Shown below is a listing with pictures; reproduce exactly, and only, the lines between the ones containing "D7683G Nebraska License Plate" and "Winter Village Canvas", inclusive, leaving the pictures out.

*** Information supplied

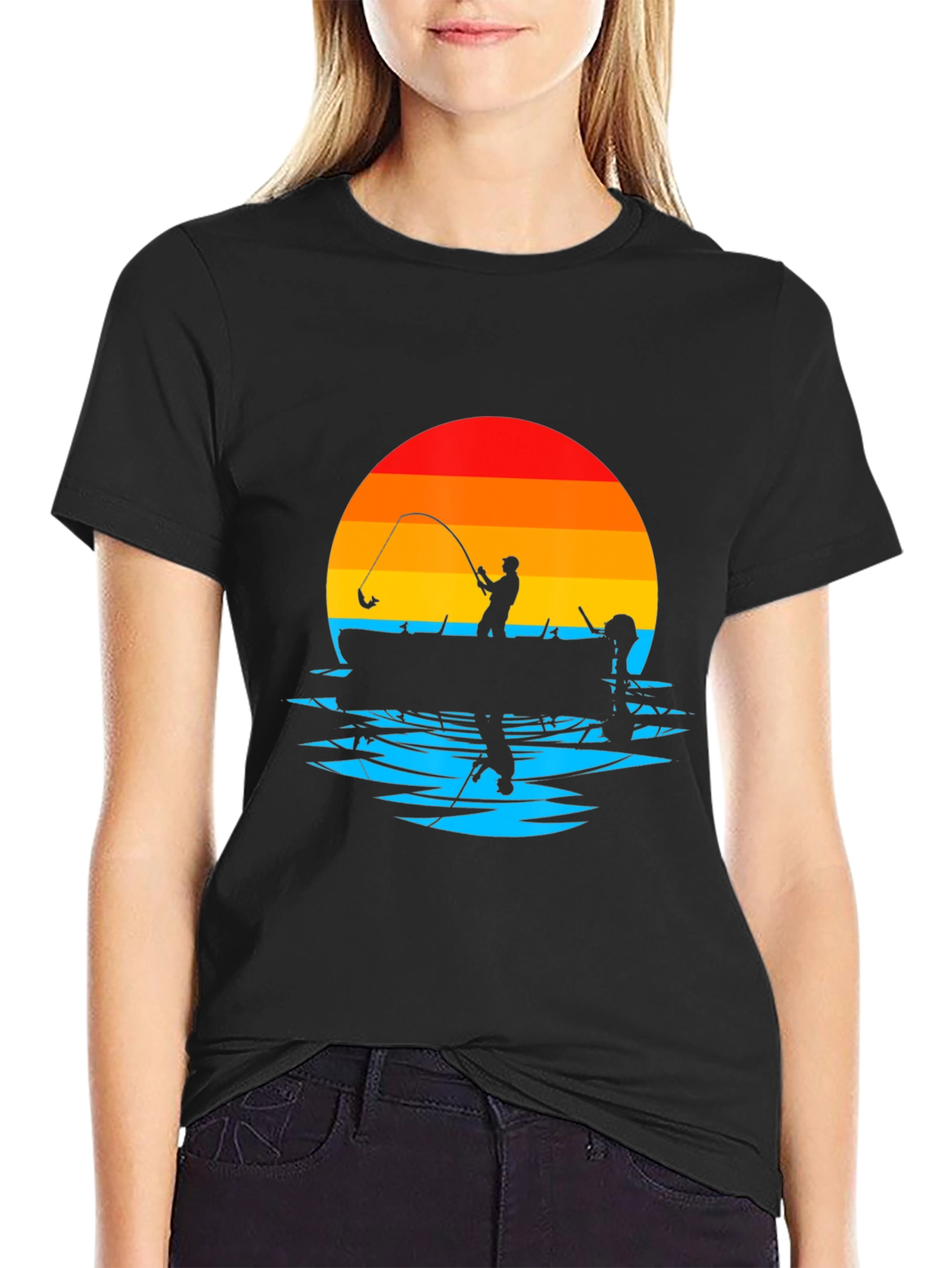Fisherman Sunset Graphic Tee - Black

******
*** Information supplied

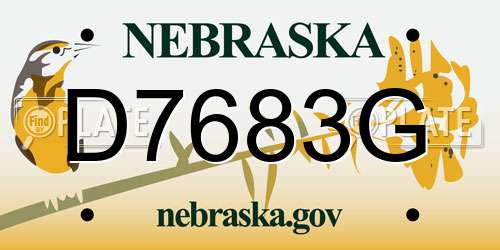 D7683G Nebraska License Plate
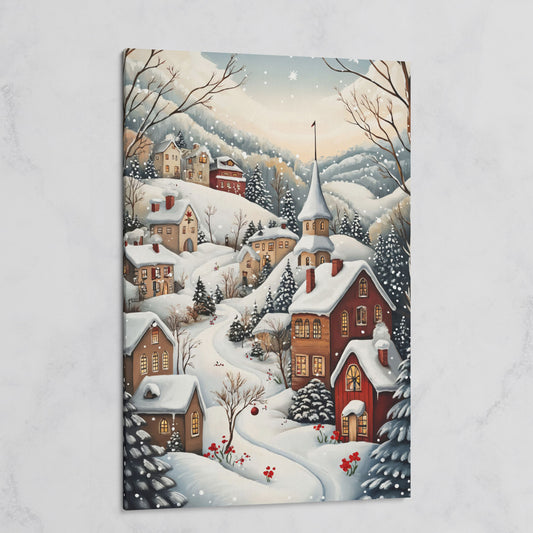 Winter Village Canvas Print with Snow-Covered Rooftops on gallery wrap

******
*** Information supplied

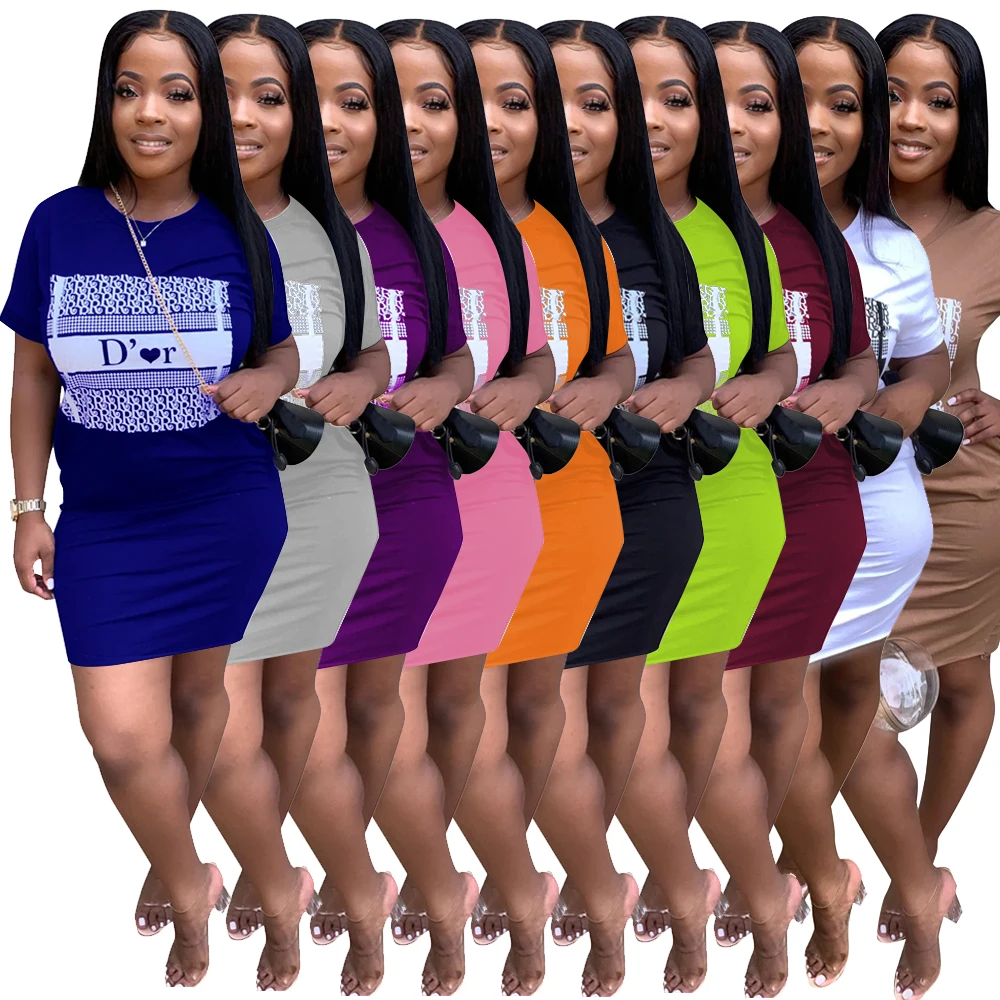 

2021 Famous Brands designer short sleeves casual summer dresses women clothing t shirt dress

******

§ **Solved problem**:
 D7683G Nebraska License Plate
 Winter Village Canvas Print with Snow-Covered Rooftops on gallery wrap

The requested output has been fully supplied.